§ Task to carry out
Locate the line that contains "5 704d5c95-5b19-45c1-a910-17f8f3e6cd40. jpg". Retype it and every line after it to the end of the records, exactly, but not the pictures.

§ Dataset excerpts
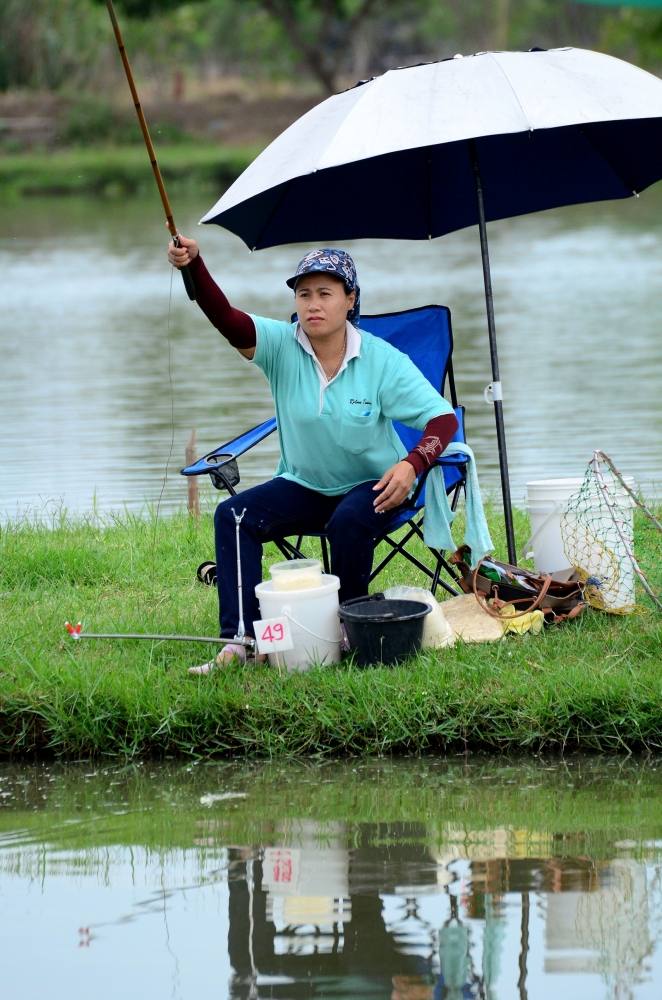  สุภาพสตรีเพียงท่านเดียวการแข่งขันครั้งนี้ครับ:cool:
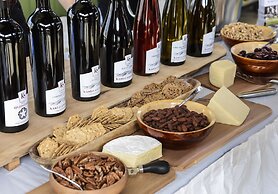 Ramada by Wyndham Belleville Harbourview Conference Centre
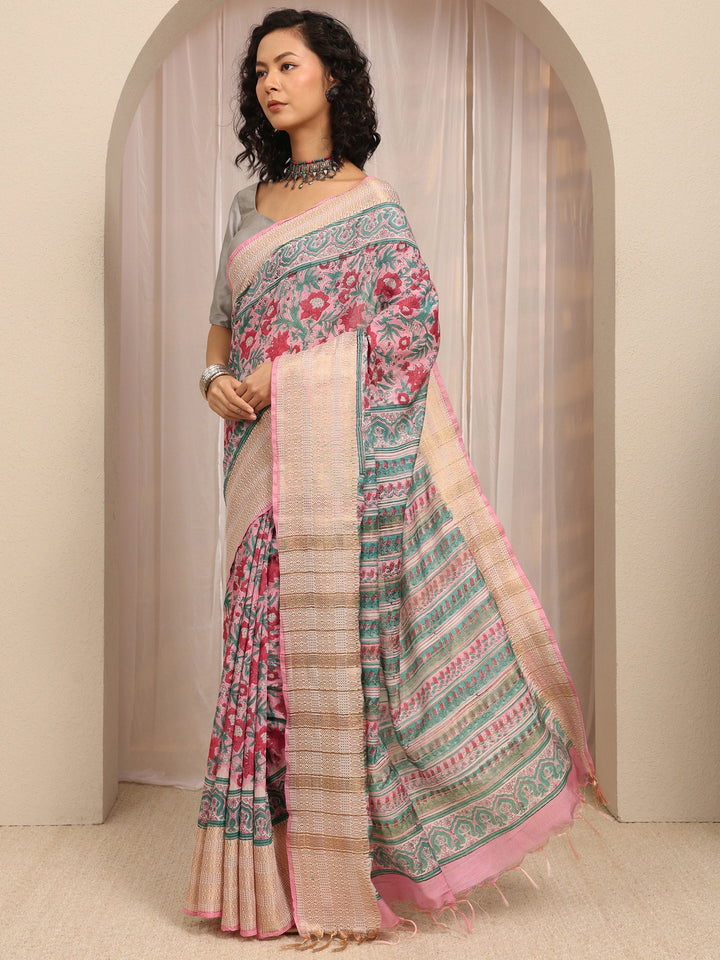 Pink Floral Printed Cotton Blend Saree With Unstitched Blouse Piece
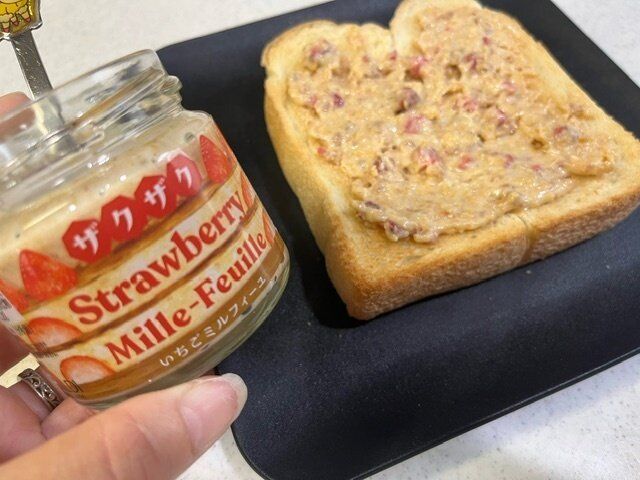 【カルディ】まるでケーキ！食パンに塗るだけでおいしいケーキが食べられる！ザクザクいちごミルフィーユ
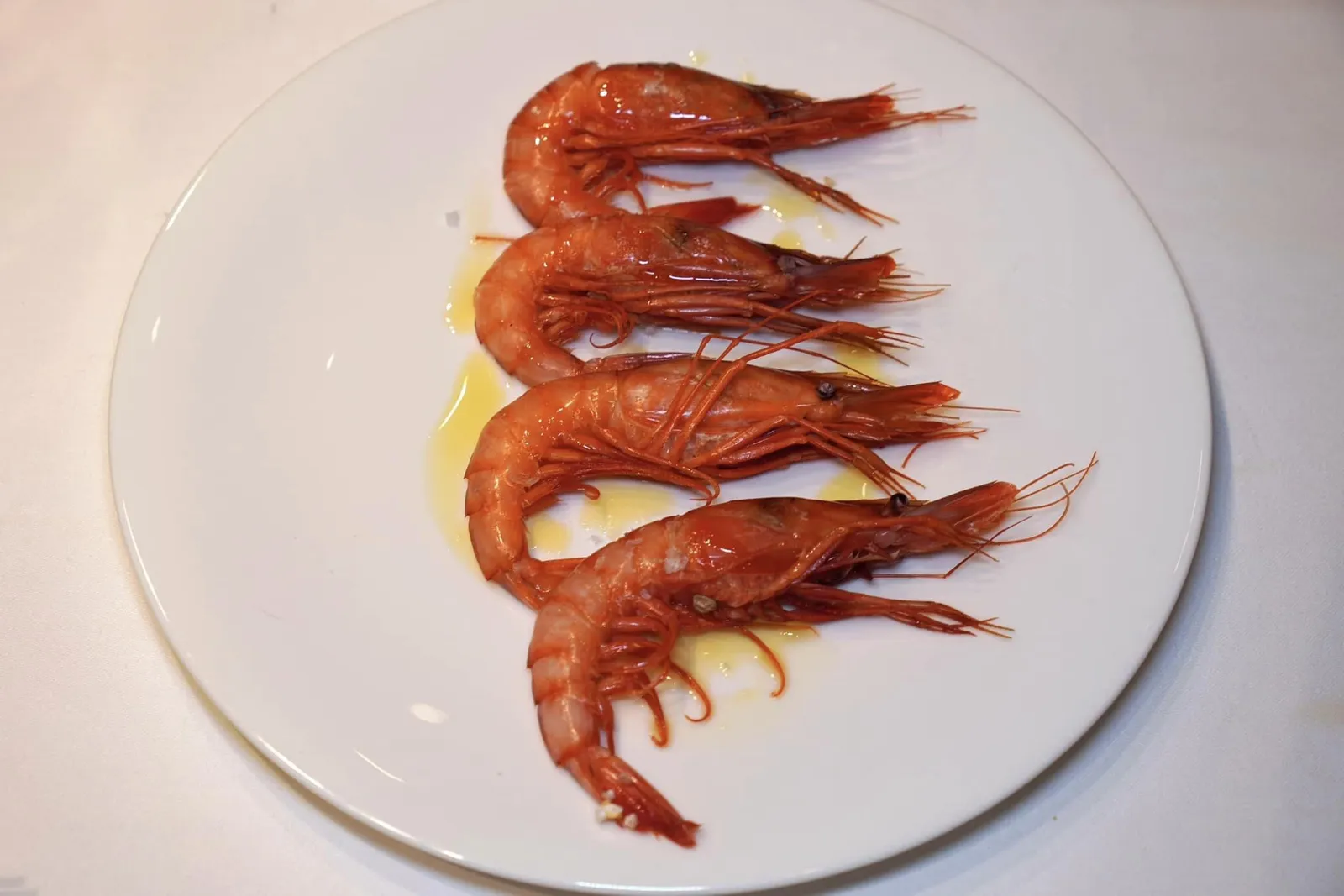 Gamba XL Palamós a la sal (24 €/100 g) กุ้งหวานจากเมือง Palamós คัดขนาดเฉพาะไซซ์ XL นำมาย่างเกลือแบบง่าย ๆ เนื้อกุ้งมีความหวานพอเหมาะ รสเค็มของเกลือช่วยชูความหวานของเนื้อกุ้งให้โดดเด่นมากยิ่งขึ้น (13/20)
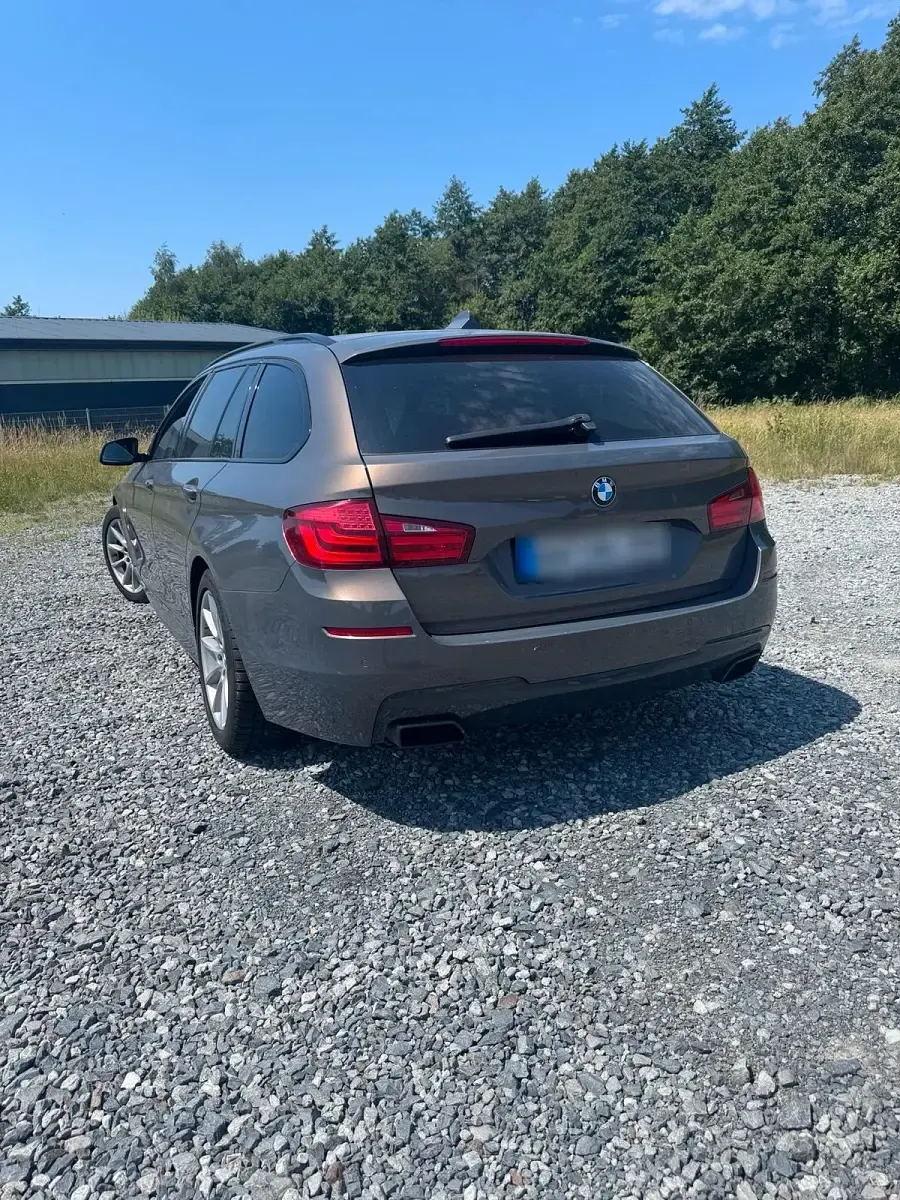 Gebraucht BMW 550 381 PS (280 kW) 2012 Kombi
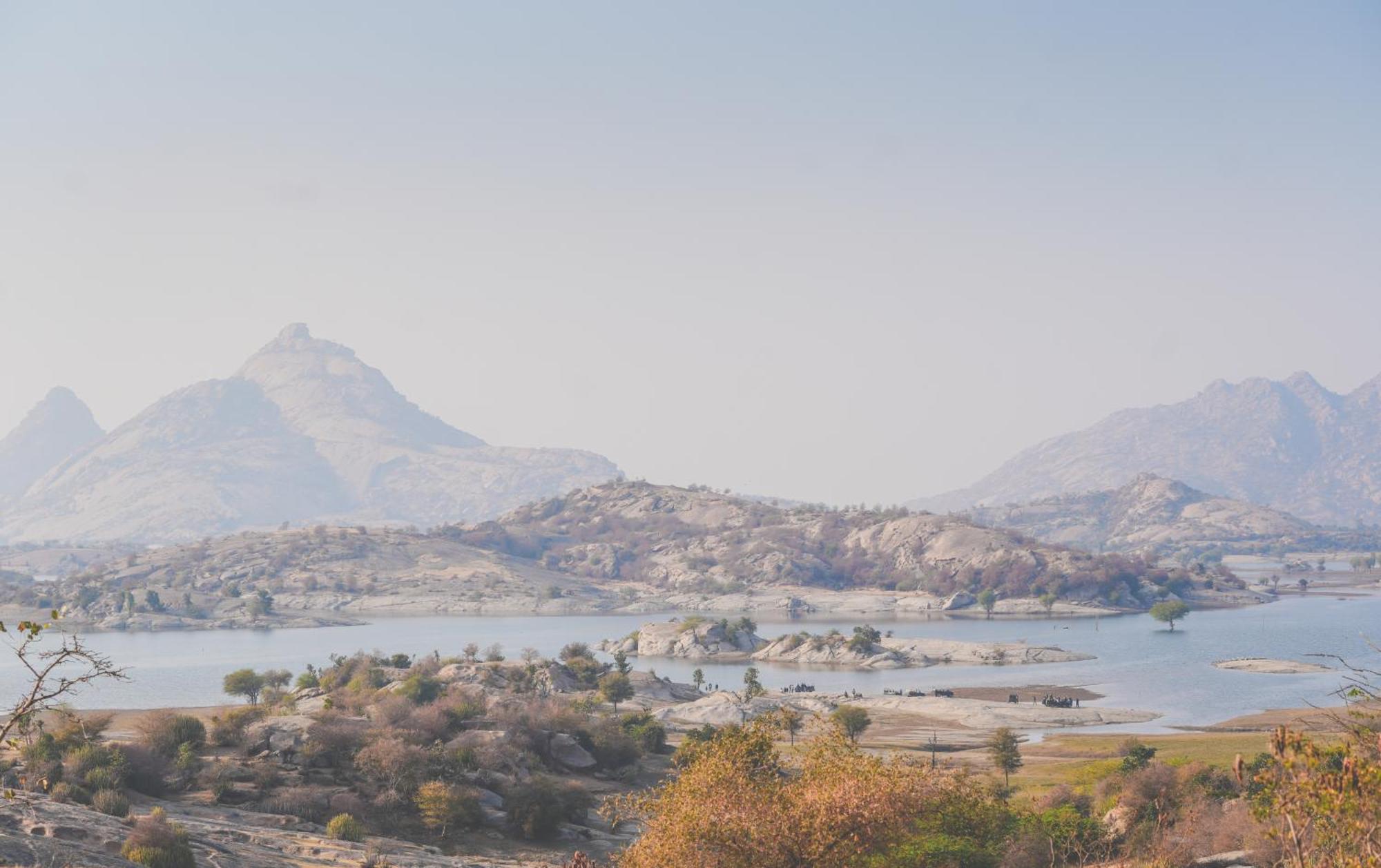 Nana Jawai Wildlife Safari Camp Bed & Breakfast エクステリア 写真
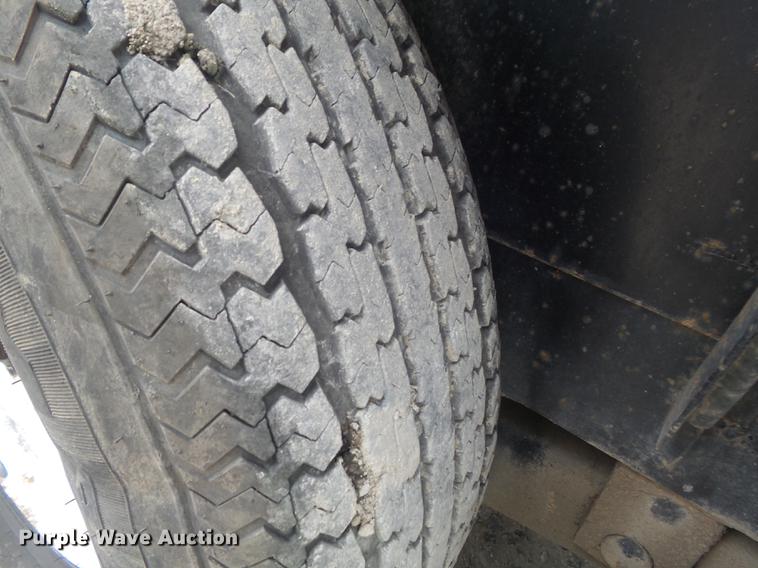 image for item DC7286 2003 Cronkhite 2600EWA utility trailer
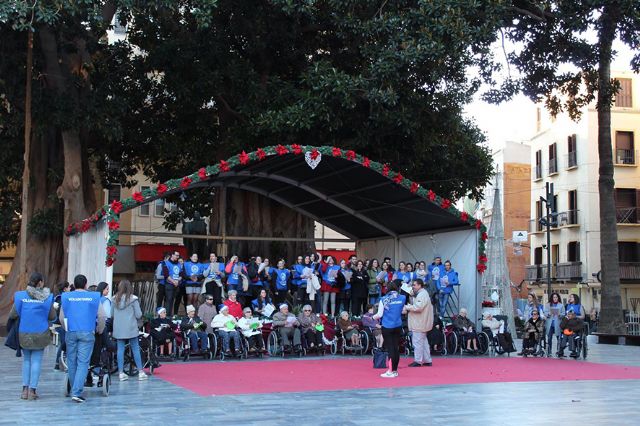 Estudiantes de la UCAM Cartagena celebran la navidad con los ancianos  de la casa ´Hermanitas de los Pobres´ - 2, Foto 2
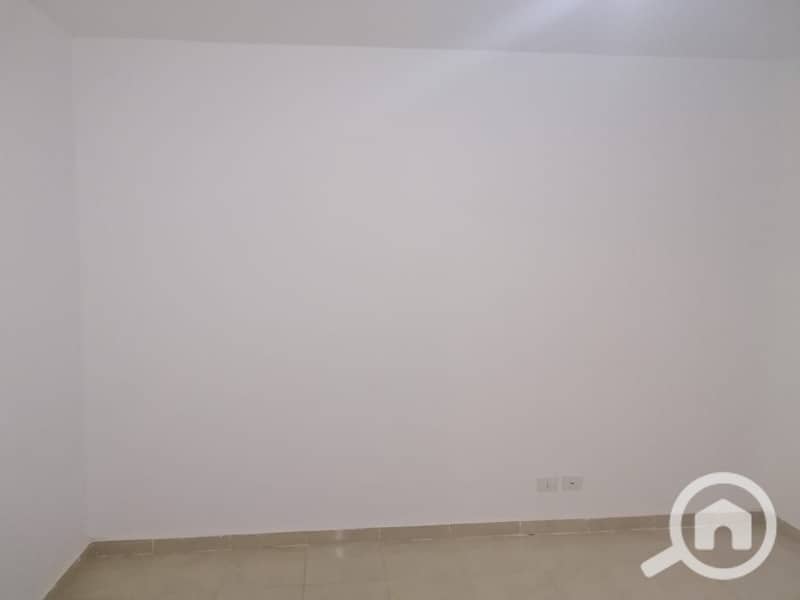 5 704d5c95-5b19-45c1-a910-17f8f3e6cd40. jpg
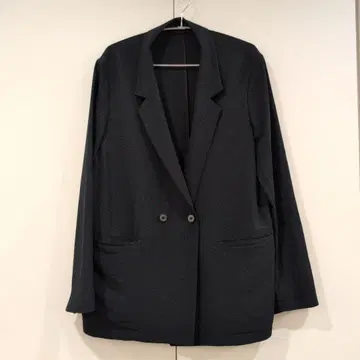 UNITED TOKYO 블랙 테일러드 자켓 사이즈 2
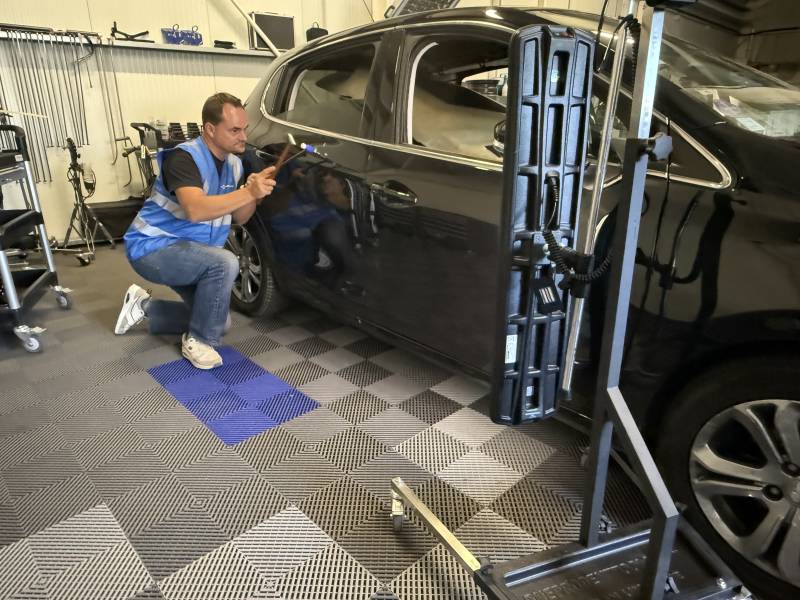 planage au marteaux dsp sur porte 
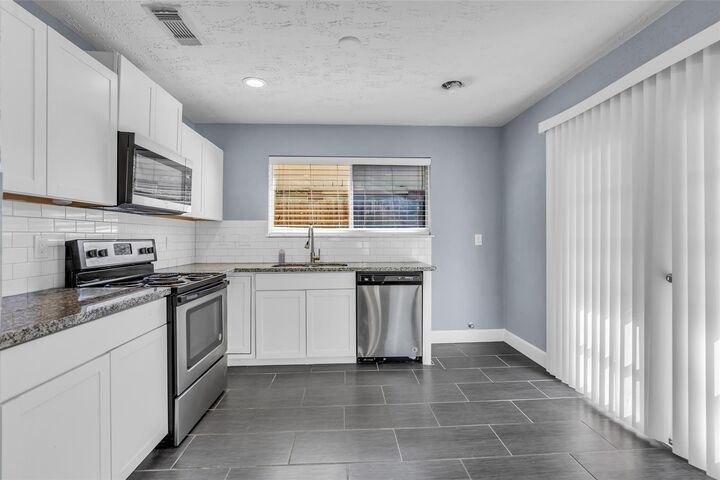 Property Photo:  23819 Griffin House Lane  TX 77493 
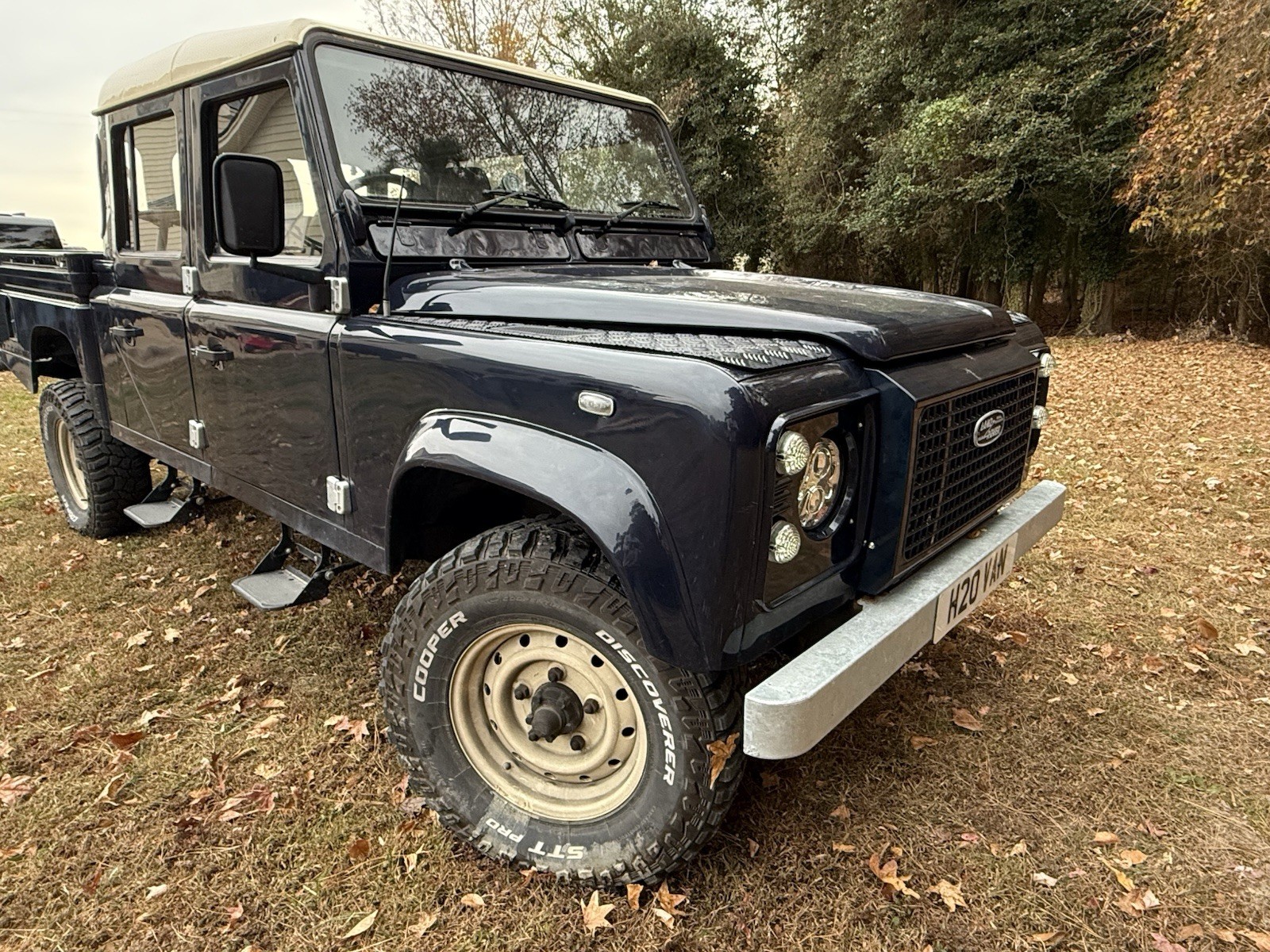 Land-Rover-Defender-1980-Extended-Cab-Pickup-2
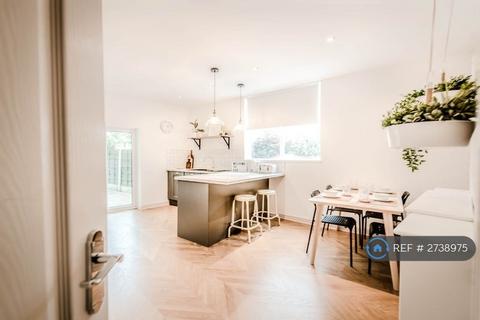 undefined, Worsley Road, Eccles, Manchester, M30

§ Response
 5 704d5c95-5b19-45c1-a910-17f8f3e6cd40. jpg
 UNITED TOKYO 블랙 테일러드 자켓 사이즈 2
 planage au marteaux dsp sur porte 
 Property Photo:  23819 Griffin House Lane  TX 77493 
 Land-Rover-Defender-1980-Extended-Cab-Pickup-2
 undefined, Worsley Road, Eccles, Manchester, M30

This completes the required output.